***** The data *****

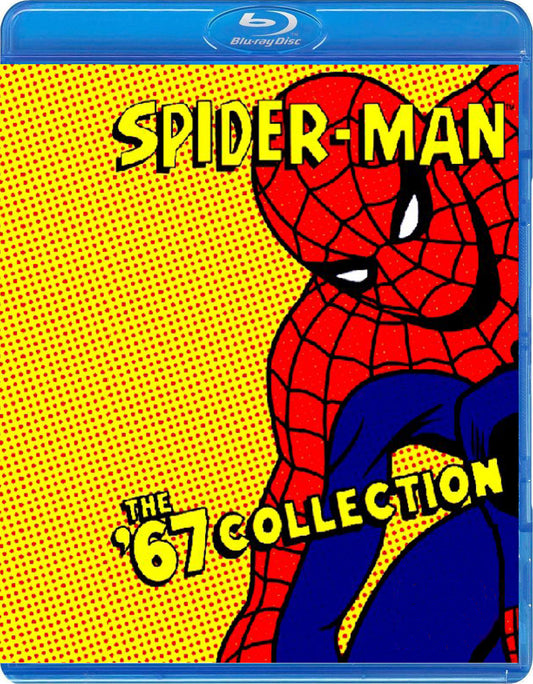 Spider-Man - The '67 Collection Blu Ray or DVD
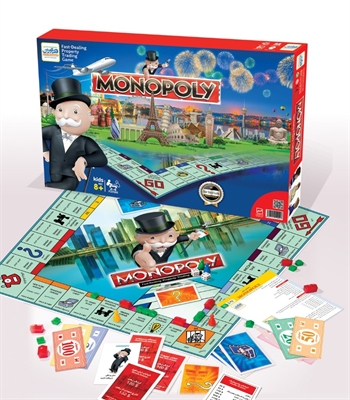 بازی مونوپولی کلاسیک (MONOPOLY)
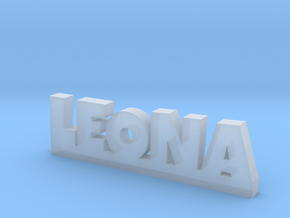 LEONA Lucky in Clear Ultra Fine Detail Plastic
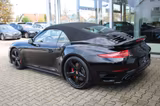 Porsche 911 991 Turbo 3.8 Cabriolet Kamera Memory Sport  - Porsche Gebrauchtwagen Roadster 911 turbo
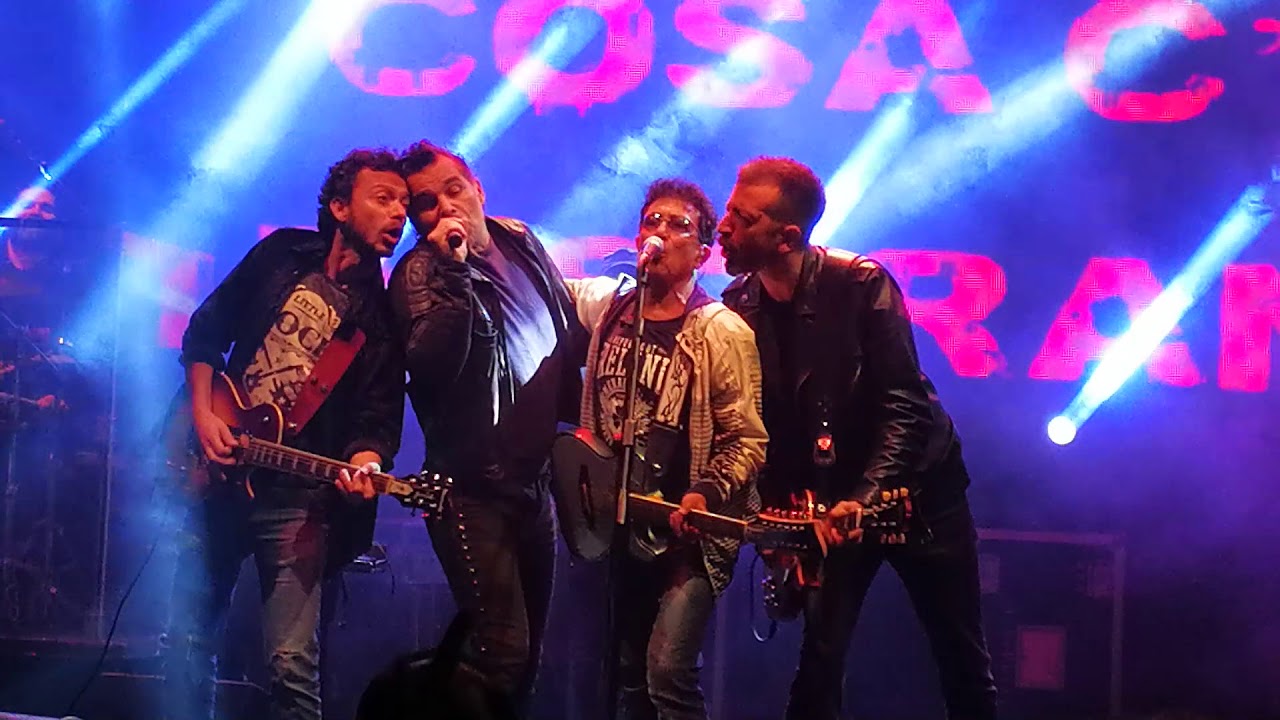 Capitan Uncino - Edoardo Bennato feat. Piero Pelù @ 81ma Sagra dell'uva di Cupramontana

*****

## Exercise
Only the pictures are dropped when you print the material; everything else is copied exactly.

## Solved problem
 Spider-Man - The '67 Collection Blu Ray or DVD
 بازی مونوپولی کلاسیک (MONOPOLY)
 LEONA Lucky in Clear Ultra Fine Detail Plastic
 Porsche 911 991 Turbo 3.8 Cabriolet Kamera Memory Sport  - Porsche Gebrauchtwagen Roadster 911 turbo
 Capitan Uncino - Edoardo Bennato feat. Piero Pelù @ 81ma Sagra dell'uva di Cupramontana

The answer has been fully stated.